The Unexpected Job Morgan Freeman Took At The 1964 World's Fair

The theme of the 1964-65 World's Fair in New York City was "Peace Through Understanding," but in many respects it seemed to echo the "World of Tomorrow" theme of 1939. Exhibits on display anticipated videoconferencing, touch-tone phones, and multiculturalism. Walt Disney debuted some of Disneyland's most famous attractions. And the world got its first look at the talents of Morgan Freeman.

Not that the fair was his big break. He was almost a decade away from gaining widespread public recognition through television and another few years out from full-blown movie stardom. Nor was the world's fair Freeman's first brush with performing. Per Kathleen Tracy's "Morgan Freeman: A Biography," Freeman got assigned to a school play after playing a schoolboy prank on a girl he had a crush on — and he enjoyed it so much that he kept at it through high school. But when he had a chance to study drama in college on a scholarship, Freeman chose to enlist in the Air Force instead.

The racism he encountered there convinced him to go back to his early performing dreams, and he moved out to Los Angeles and began acting studies in earnest. It was there he showed an aptitude for dance that led one teacher to encourage him to pursue it full-time, which led to a job with the Cabaret Union — a job for the World's Fair.

The World's Fair was Morgan Freeman's first professional performance

Dancing for the Cabaret Union at the 1964 World's Fair was Morgan Freeman's first professional work in the entertainment industry. Before then, he had managed a very lean living through odd jobs in Los Angeles before moving to New York — fleeing, he said, woman trouble. When asked to name his three best life choices, Freeman later said (via "Morgan Freeman: A Biography"): "Being born, leaving the Air Force to go to Hollywood, and leaving Hollywood to go to New York."

Per USA Today, Freeman was working as an audit clerk before the World's Fair opportunity came along. As soon as he got the offer, he quit the clerk job. "It was great," Freeman said of his first gig. But the pay from a one-time dance performance doesn't last very long, and he was soon back to working the counter at restaurants and serving as an office temp. A year after the World's Fair, a frustrated Freeman told the unemployment office, "You're ruining my life forcing me to be an office worker when I'm an actor." They gave him six months to go find work in his chosen profession.

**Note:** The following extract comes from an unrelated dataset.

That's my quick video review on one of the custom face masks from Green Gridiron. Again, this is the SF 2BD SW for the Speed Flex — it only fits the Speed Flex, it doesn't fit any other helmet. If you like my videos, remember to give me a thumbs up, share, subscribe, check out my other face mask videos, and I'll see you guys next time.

He doesn't think he was a proper dancer

Morgan Freeman's dance background helped him get more work after the 1964 World's Fair. Per "Morgan Freeman: A Biography," his dancing feet landed him a nearly yearlong gig in an all-Black production of "Hello Dolly!" in 1967. But Freeman's real passion had always been acting, and film acting specifically. According to Jeff C. Young's "Amazing African American Actors," a lucky break while working as an understudy for the touring production of "The Royal Hunt of the Sun" kickstarted his acting career — and ended any temptation from life as a full-time dancer.

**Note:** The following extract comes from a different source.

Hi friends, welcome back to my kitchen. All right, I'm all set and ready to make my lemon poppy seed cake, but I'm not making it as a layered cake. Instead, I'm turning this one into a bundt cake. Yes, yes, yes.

Even if "Royal Hunt of the Sun" hadn't come along, Freeman doesn't think dance was for him. "I was an actor who could move well," he told USA Today. "I looked good doing it, but, no, I could never really dance." But the training he'd undergone for dance did prove a boon to his acting career. Dance helped improve his walk, and per the Los Angeles Times, he's used elegance of movement to help define his characters.